> [YOUR INSTRUCTIONS] Every line below between the one holding "Adesivi decorativi in" and the one holding "Houston Astros Profile", inclusive, should be copied exactly, and no other line.

RECORDS SUPPLIED below:

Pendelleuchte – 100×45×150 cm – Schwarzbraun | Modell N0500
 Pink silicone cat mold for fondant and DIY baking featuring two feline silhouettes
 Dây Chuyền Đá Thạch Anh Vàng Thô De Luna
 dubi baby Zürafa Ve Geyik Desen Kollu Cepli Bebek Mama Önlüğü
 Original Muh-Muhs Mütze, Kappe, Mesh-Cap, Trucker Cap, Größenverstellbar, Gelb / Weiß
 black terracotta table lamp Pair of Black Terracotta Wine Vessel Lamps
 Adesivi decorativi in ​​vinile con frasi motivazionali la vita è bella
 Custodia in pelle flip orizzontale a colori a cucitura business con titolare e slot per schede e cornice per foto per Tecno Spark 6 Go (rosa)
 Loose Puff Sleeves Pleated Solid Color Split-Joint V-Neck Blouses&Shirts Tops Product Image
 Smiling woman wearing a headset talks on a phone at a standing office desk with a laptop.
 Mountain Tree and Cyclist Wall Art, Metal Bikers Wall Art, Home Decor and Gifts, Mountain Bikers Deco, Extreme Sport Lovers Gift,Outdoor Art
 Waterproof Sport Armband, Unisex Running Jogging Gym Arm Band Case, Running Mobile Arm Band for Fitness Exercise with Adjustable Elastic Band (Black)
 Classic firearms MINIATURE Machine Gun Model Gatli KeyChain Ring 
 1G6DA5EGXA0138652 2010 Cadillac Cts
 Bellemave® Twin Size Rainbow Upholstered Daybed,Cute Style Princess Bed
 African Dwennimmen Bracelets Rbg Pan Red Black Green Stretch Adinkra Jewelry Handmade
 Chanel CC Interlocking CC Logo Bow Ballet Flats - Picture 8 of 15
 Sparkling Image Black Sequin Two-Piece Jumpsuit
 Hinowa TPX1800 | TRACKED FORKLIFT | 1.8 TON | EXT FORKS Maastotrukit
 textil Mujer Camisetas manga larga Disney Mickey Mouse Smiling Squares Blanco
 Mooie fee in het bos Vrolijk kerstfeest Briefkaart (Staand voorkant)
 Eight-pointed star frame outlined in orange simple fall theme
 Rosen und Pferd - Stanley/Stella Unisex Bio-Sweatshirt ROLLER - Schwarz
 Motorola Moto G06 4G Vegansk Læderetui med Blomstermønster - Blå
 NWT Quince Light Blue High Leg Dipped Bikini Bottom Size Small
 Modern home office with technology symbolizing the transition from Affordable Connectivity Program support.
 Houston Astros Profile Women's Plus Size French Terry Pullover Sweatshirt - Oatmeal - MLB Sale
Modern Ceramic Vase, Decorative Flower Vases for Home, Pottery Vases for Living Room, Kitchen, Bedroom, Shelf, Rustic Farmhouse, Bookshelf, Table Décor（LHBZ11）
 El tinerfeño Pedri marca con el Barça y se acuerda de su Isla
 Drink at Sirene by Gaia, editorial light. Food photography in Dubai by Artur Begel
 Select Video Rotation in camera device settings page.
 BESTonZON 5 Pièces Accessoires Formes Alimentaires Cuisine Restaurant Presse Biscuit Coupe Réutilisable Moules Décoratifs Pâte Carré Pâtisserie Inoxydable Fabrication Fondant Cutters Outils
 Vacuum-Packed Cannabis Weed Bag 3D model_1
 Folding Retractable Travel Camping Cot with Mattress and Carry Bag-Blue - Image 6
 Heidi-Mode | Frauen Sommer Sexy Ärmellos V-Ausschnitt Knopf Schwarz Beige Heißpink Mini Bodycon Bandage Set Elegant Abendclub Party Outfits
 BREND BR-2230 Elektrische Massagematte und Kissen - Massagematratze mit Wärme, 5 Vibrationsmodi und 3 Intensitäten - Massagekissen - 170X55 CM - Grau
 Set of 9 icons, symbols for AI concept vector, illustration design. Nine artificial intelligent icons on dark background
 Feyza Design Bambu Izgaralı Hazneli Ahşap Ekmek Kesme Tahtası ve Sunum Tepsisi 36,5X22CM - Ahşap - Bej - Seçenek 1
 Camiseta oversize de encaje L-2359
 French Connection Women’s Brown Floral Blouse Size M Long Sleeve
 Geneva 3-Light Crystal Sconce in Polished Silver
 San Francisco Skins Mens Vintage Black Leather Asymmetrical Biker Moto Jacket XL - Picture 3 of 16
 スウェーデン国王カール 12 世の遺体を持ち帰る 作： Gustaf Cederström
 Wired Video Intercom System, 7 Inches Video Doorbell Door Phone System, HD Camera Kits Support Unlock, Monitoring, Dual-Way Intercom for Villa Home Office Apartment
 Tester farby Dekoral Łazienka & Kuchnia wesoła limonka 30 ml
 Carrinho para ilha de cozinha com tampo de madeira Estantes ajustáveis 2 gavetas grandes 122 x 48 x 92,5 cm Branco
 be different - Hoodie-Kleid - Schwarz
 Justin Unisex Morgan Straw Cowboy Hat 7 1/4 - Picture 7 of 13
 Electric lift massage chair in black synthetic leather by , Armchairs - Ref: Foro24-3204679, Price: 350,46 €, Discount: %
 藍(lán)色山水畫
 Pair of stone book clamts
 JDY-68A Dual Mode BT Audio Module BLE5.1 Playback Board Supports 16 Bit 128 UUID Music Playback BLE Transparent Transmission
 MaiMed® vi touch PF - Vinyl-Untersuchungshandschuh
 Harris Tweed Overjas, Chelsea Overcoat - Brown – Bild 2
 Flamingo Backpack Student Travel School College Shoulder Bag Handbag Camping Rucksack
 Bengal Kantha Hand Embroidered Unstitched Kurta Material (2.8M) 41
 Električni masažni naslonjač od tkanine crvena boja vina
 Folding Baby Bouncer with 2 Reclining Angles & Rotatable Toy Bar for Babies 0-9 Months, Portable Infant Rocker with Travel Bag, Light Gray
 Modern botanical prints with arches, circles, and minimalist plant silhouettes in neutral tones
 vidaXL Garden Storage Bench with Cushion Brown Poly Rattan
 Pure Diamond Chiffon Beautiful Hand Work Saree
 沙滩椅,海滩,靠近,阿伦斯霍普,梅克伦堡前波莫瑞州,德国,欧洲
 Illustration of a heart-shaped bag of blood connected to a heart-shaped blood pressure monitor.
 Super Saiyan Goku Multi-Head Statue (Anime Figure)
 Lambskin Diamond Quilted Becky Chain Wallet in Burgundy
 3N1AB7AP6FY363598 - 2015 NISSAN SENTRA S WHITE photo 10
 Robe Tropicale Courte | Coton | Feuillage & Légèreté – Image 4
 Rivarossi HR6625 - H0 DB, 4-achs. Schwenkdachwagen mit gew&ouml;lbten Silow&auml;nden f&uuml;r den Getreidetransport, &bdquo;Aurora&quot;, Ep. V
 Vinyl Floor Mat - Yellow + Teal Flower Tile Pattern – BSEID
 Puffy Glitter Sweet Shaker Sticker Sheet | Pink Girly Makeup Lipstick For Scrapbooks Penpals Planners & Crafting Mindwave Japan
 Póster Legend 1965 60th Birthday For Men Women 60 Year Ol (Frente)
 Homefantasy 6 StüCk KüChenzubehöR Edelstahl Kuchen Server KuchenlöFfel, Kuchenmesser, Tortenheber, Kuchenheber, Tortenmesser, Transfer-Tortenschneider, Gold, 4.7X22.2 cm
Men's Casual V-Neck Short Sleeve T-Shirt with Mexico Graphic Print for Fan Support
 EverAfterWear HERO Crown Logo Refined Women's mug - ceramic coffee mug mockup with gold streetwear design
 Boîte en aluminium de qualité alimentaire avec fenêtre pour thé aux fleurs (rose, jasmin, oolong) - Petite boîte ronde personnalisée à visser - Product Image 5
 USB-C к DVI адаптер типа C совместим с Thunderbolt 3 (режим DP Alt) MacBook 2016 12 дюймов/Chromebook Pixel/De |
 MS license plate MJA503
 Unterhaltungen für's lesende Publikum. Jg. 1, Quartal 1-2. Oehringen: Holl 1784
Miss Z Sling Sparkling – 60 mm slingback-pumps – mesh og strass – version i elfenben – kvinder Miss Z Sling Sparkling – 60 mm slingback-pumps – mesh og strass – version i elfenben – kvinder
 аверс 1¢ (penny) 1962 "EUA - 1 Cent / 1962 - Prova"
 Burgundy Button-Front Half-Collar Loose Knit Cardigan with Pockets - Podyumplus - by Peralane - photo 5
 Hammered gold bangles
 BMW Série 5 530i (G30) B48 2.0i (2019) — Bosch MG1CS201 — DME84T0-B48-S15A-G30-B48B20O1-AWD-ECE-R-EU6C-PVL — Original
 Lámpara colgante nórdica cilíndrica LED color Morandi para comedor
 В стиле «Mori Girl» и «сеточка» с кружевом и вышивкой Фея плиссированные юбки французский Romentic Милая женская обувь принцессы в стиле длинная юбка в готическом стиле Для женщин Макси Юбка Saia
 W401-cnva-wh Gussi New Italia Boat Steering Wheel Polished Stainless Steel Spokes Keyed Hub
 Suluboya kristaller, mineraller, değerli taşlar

End of RECORDS SUPPLIED.

> [SOLUTION TO THIS TASK]
 Adesivi decorativi in ​​vinile con frasi motivazionali la vita è bella
 Custodia in pelle flip orizzontale a colori a cucitura business con titolare e slot per schede e cornice per foto per Tecno Spark 6 Go (rosa)
 Loose Puff Sleeves Pleated Solid Color Split-Joint V-Neck Blouses&Shirts Tops Product Image
 Smiling woman wearing a headset talks on a phone at a standing office desk with a laptop.
 Mountain Tree and Cyclist Wall Art, Metal Bikers Wall Art, Home Decor and Gifts, Mountain Bikers Deco, Extreme Sport Lovers Gift,Outdoor Art
 Waterproof Sport Armband, Unisex Running Jogging Gym Arm Band Case, Running Mobile Arm Band for Fitness Exercise with Adjustable Elastic Band (Black)
 Classic firearms MINIATURE Machine Gun Model Gatli KeyChain Ring 
 1G6DA5EGXA0138652 2010 Cadillac Cts
 Bellemave® Twin Size Rainbow Upholstered Daybed,Cute Style Princess Bed
 African Dwennimmen Bracelets Rbg Pan Red Black Green Stretch Adinkra Jewelry Handmade
 Chanel CC Interlocking CC Logo Bow Ballet Flats - Picture 8 of 15
 Sparkling Image Black Sequin Two-Piece Jumpsuit
 Hinowa TPX1800 | TRACKED FORKLIFT | 1.8 TON | EXT FORKS Maastotrukit
 textil Mujer Camisetas manga larga Disney Mickey Mouse Smiling Squares Blanco
 Mooie fee in het bos Vrolijk kerstfeest Briefkaart (Staand voorkant)
 Eight-pointed star frame outlined in orange simple fall theme
 Rosen und Pferd - Stanley/Stella Unisex Bio-Sweatshirt ROLLER - Schwarz
 Motorola Moto G06 4G Vegansk Læderetui med Blomstermønster - Blå
 NWT Quince Light Blue High Leg Dipped Bikini Bottom Size Small
 Modern home office with technology symbolizing the transition from Affordable Connectivity Program support.
 Houston Astros Profile Women's Plus Size French Terry Pullover Sweatshirt - Oatmeal - MLB Sale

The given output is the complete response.